Outro ponto de destaque foi a informação, previamente divulgada pelo Superintendente de Estudos e Projetos Hidroviários da ANTAQ, Bruno Pinheiro, sobre a encomenda de 400 balsas e 21 empurradores maiores por uma empresa de mineração local. Débora questionou a necessidade de verificar junto à Capitania dos Portos se essas embarcações maiores teriam permissão para navegar no trecho.
A pesquisadora também reiterou a importância da análise cumulativa e sinérgica de todos os impactos do projeto e defendeu a participação efetiva das comunidades tradicionais ribeirinhas nas audiências públicas, considerando seu potencial impacto. Ela relembrou um período de dez anos de seca na década de 1960, questionando os efeitos de um evento climático extremo similar na concessão. Por fim, Débora defendeu a revitalização da ferrovia de Corumbá como forma de promover o transporte multimodal, especialmente em períodos de estiagem.
Questionamentos sobre derrocamento, captação de água e participação comunitária
O MPF/MS também apontou que perguntas cruciais relacionadas ao derrocamento de rochas no leito do rio, intervenções na captação de água e a situação do farol tombado não foram respondidas durante a audiência. Outro ponto de preocupação foi a baixa participação das comunidades tradicionais, possivelmente devido à alegada pouca divulgação do evento. Ao final da audiência, um representante dessas comunidades solicitou uma nova sessão em horário mais acessível e focada nos impactos ambientais e cênicos da hidrovia em Corumbá.
Ademais, o Ministério Público Federal no MS identificou uma inconsistência na informação sobre o número de pontos de dragagem. Enquanto representantes da ANTAQ mencionaram entre 12 e 23 pontos, os documentos da Consulta Pública indicam 33 locais para intervenção.
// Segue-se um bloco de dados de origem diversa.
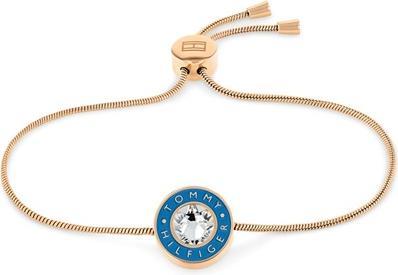 Produktbild Tommy Hilfiger Elegant Bronze Bracelet with Layered Crystal 2780807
Divergências em dados técnicos preocupam o MPF
O procurador da República Marco Antonio Delfino de Almeida também apresentou importantes questionamentos. Ele confrontou a informação do Secretário Nacional de Hidrovias e Navegação do Ministério de Portos e Aeroportos, Dino Antunes, sobre um volume de dragagem de 350 mil metros cúbicos, com a Nota Técnica 19/2024 da INFRA S.A., que aponta 670 mil m³ para toda a dragagem e cerca de 850 mil m³ apenas no Canal do Tamengo, nos serviços iniciais.
Outra divergência apontada por Marco Antonio foi a negativa de Dino Antunes sobre a realização de derrocamento, contradizendo a mesma nota técnica que prevê essa intervenção no Canal do Tamengo, especificamente na formação rochosa onde se localiza o Farol Balduíno, um patrimônio tombado pelo IPHAN.
O procurador também questionou a falta de clareza sobre a Área de Influência da concessão, alertando que a minuta do contrato deixa em aberto a possibilidade de inclusão de novos trechos, sem especificar as atividades que poderão ser realizadas nessas áreas. Por fim, ele reiterou a ausência de estudos que avaliem os efeitos sinérgicos e cumulativos das dragagens planejadas.
ANTAQ defende previsibilidade e segurança da navegação
Em sua fala de abertura, o diretor e relator do processo na ANTAQ, Alber Vasconcelos, destacou que o trecho da concessão já possui navegação consolidada há décadas e que a proposta visa estruturar um modelo que traga previsibilidade e segurança à navegação, e não abrir um novo eixo logístico. Ele ressaltou o aumento da movimentação de cargas na hidrovia nos últimos anos.
O diretor explicou que o futuro concessionário será responsável por manter a hidrovia operando durante todo o ano, com obrigações em dragagem de manutenção, monitoramento hidrográfico, sinalização náutica, gestão do tráfego aquaviário e gestão ambiental.